Task objective:
Please retype all of the records below word for word, leaving out any pictures.

Data to use:
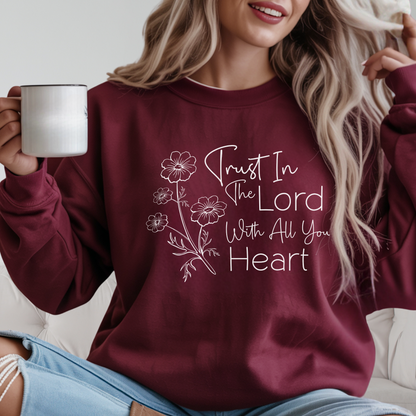 Maroon women’s faith sweatshirt with floral lettering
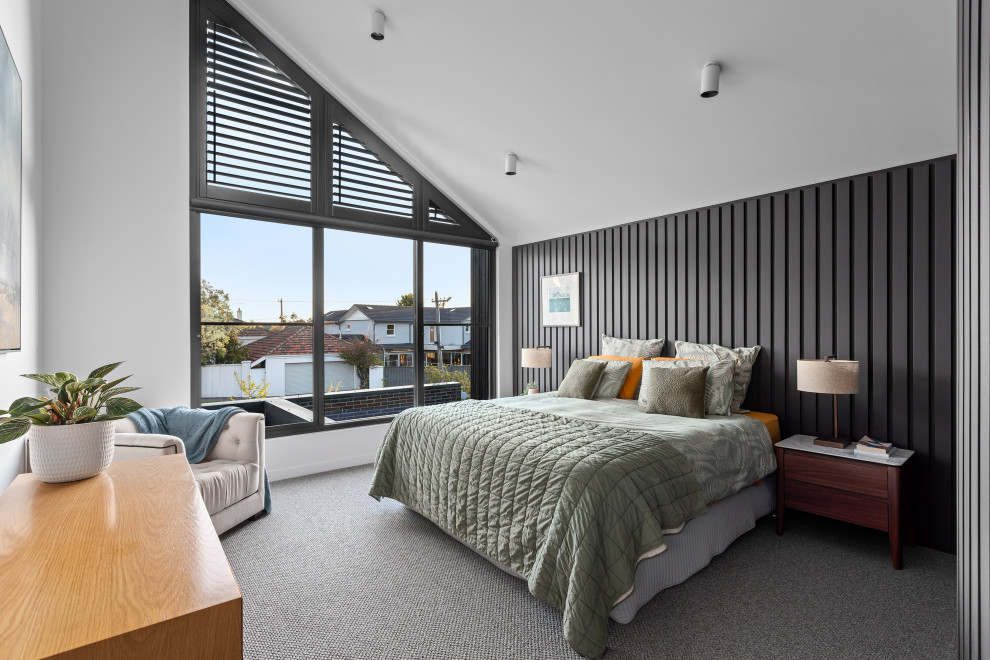 Design ideas for a mid-sized contemporary master bedroom in Melbourne with carpet, grey floor, vaulted, grey walls and planked wall panelling.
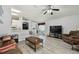 Open-concept living room and kitchen area with modern decor, ceiling fan, and neutral paint at 30918 Burleigh Dr, Wesley Chapel, FL 33543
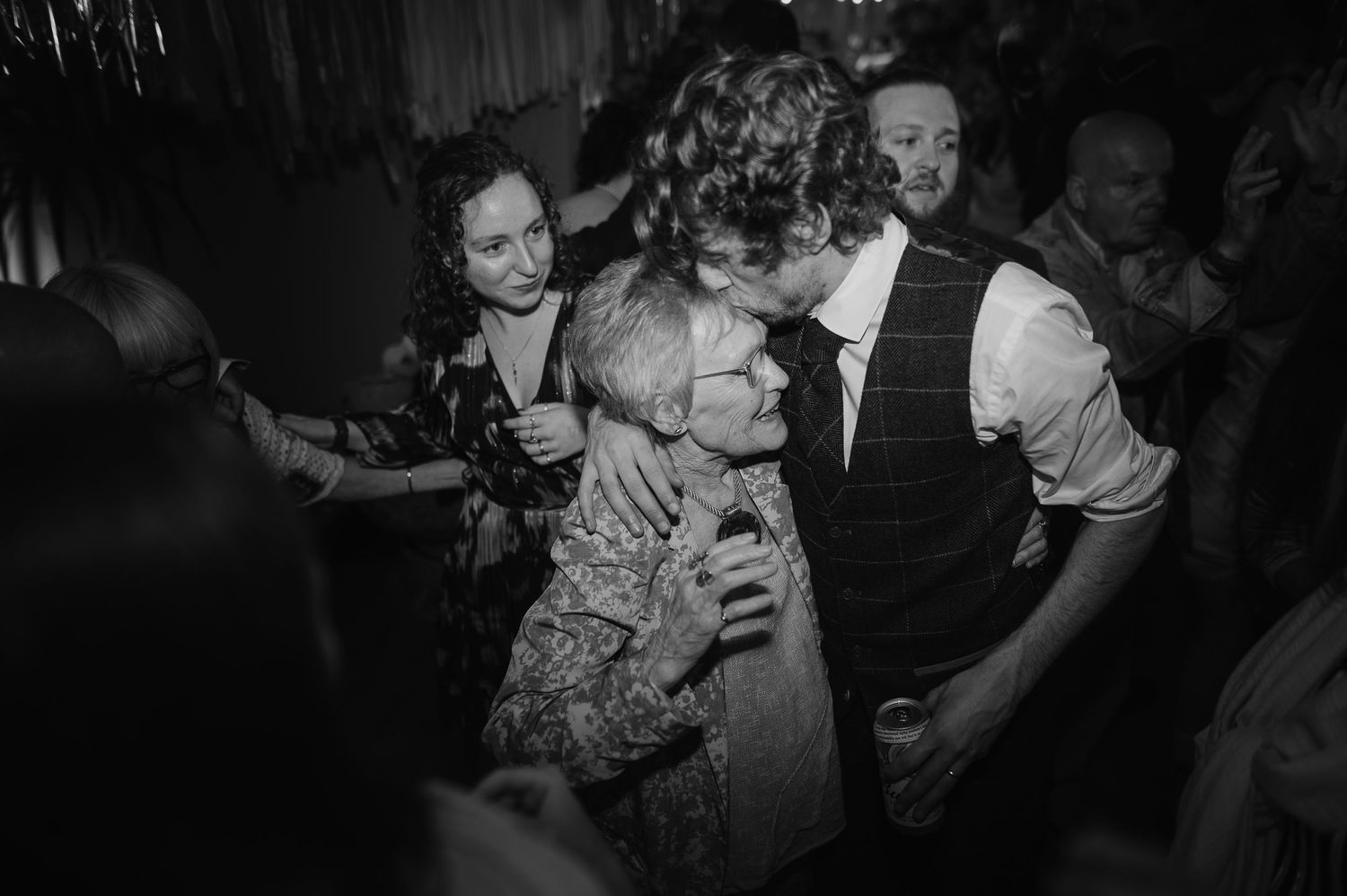 Black and white photo capturing joyful dancing and celebration at a crowded party.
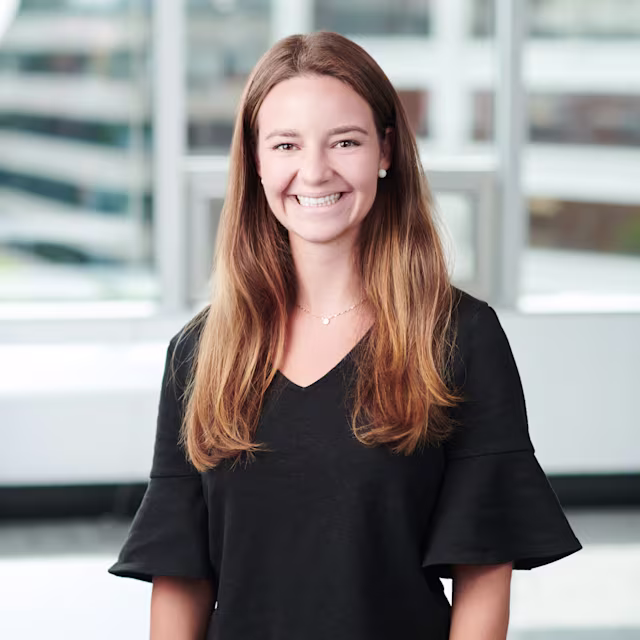 Smiling woman with long light brown hair wearing a black V-neck top with ruffled sleeves, standing in a modern office setting with large windows in the background.
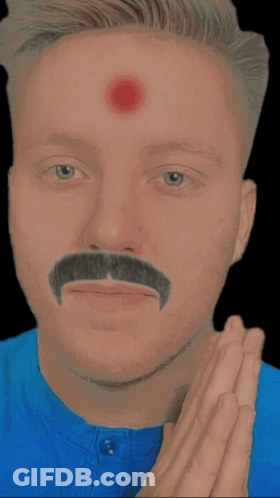 A Man With A Mustache And Red Eyes Has His Hands Together GIF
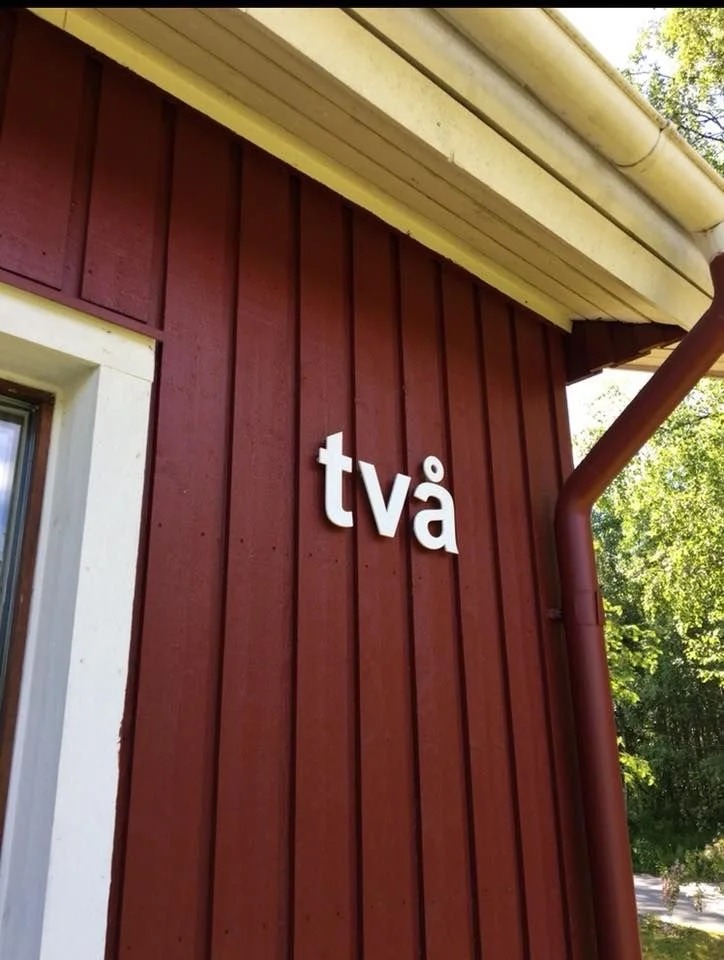 Husnummer 'två' i vit akryl på röd träfasad – svenska villa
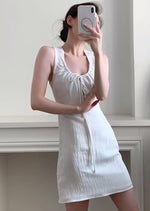 Load and play video in Gallery viewer, Tencel Blend Textured Mini Dress in White
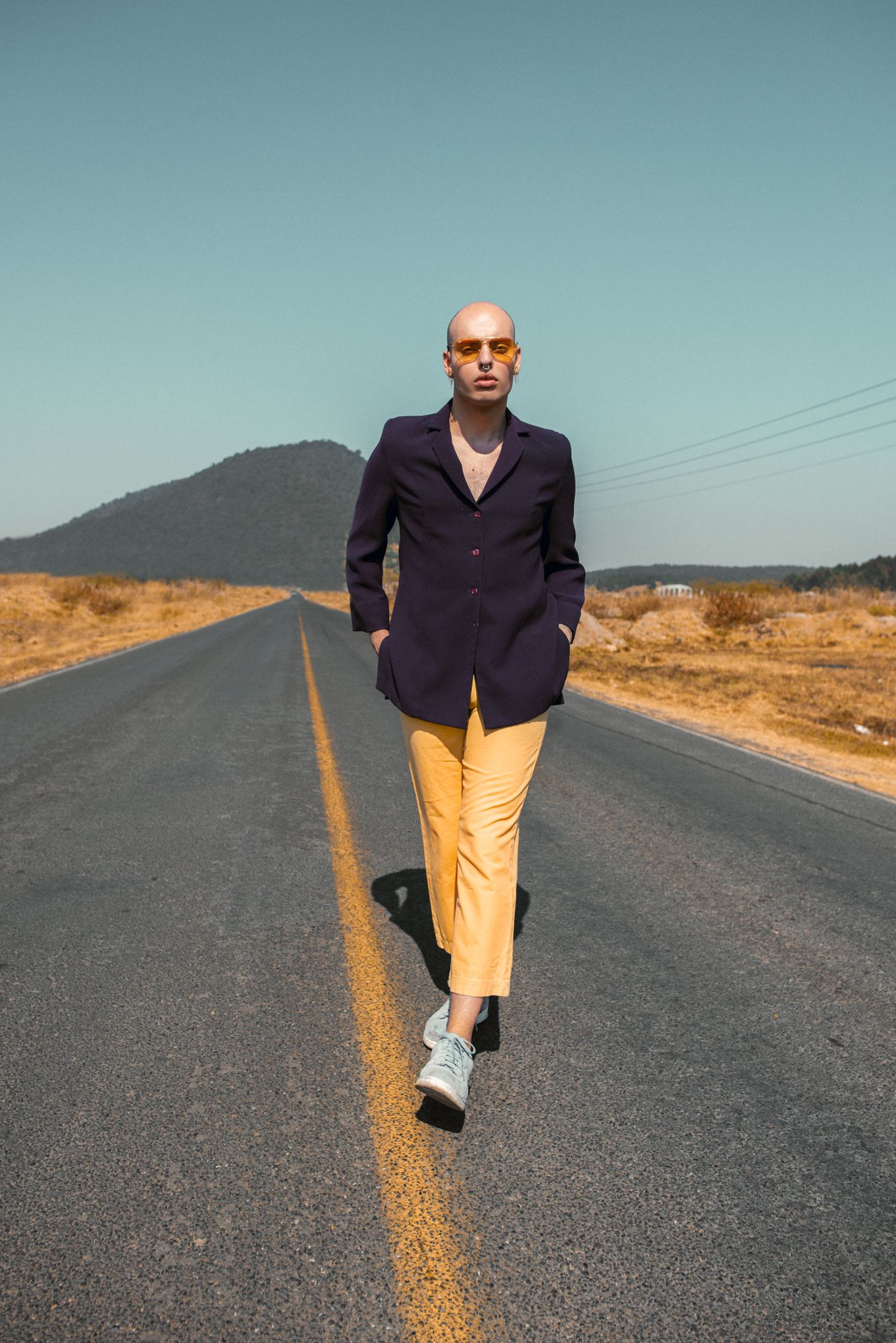 Stylish figure in purple blazer and yellow pants walking on an empty desert road with mountains in background.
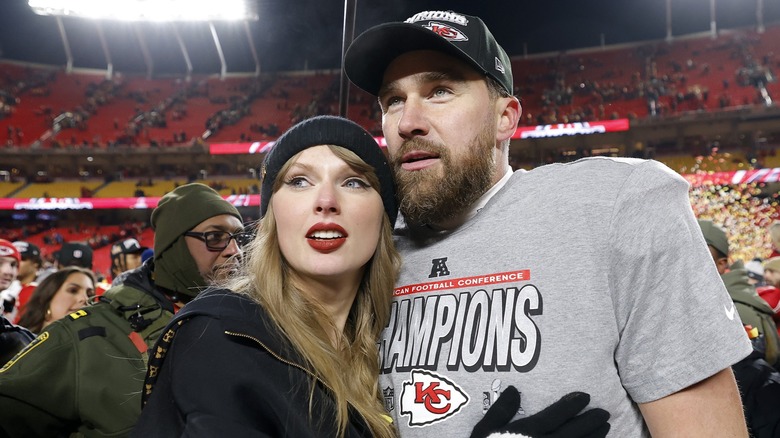 Taylor Swift and Travis Kelce embracing on a stadium field in 2025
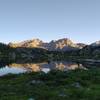 Mt. Lester's two peaks are reflected perfectly at sunrise, in the first Cook Lake.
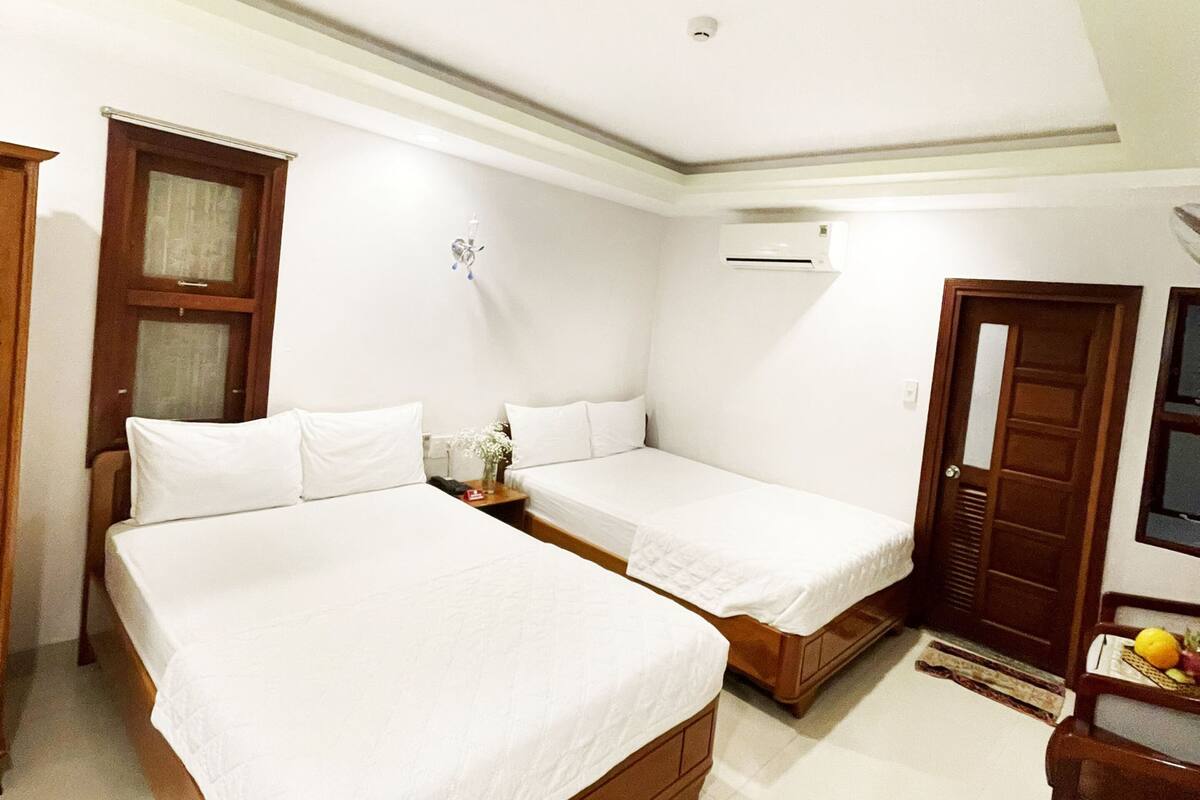A hotel room with two single beds, a wooden wardrobe, a wooden desk, and a small table with fruit.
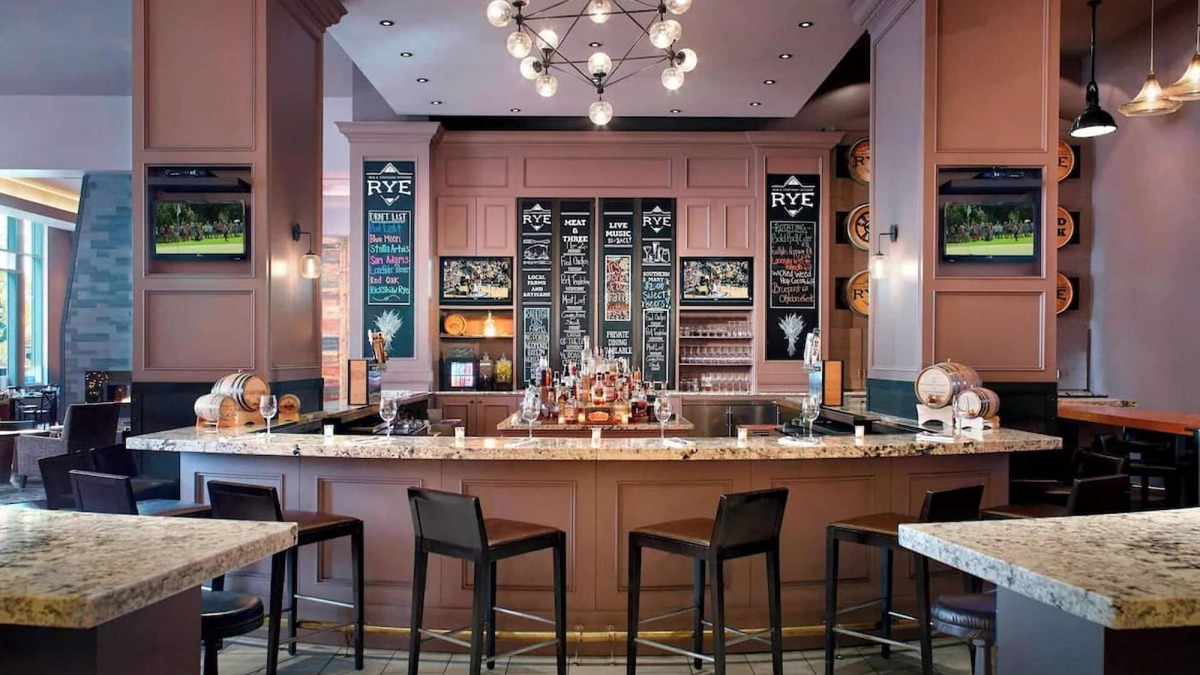 Downtown Hotel | Near Red Hat Amphitheater + Dining. Pool. Gym.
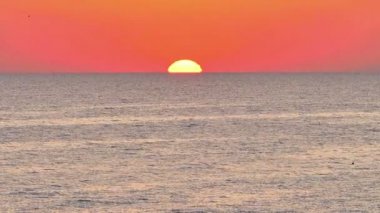 Büyük güneş denizin üzerinde, kırmızı gökyüzü yavaş çekim 4k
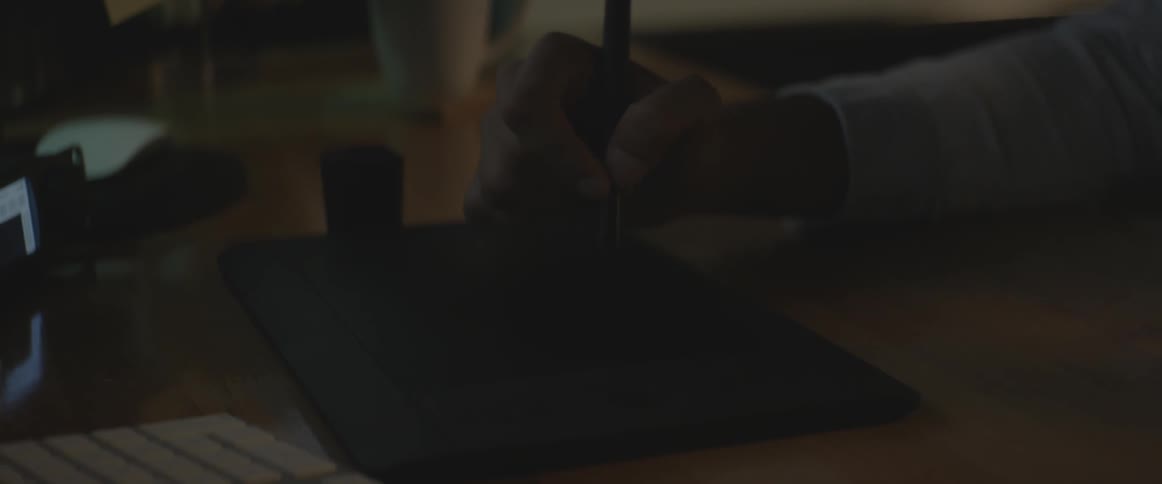 A man draws on a tablet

Exercise result:
 Maroon women’s faith sweatshirt with floral lettering
 Design ideas for a mid-sized contemporary master bedroom in Melbourne with carpet, grey floor, vaulted, grey walls and planked wall panelling.
 Open-concept living room and kitchen area with modern decor, ceiling fan, and neutral paint at 30918 Burleigh Dr, Wesley Chapel, FL 33543
 Black and white photo capturing joyful dancing and celebration at a crowded party.
 Smiling woman with long light brown hair wearing a black V-neck top with ruffled sleeves, standing in a modern office setting with large windows in the background.
 A Man With A Mustache And Red Eyes Has His Hands Together GIF
 Husnummer 'två' i vit akryl på röd träfasad – svenska villa
 Load and play video in Gallery viewer, Tencel Blend Textured Mini Dress in White
 Stylish figure in purple blazer and yellow pants walking on an empty desert road with mountains in background.
 Taylor Swift and Travis Kelce embracing on a stadium field in 2025
 Mt. Lester's two peaks are reflected perfectly at sunrise, in the first Cook Lake.
A hotel room with two single beds, a wooden wardrobe, a wooden desk, and a small table with fruit.
 Downtown Hotel | Near Red Hat Amphitheater + Dining. Pool. Gym.
 Büyük güneş denizin üzerinde, kırmızı gökyüzü yavaş çekim 4k
 A man draws on a tablet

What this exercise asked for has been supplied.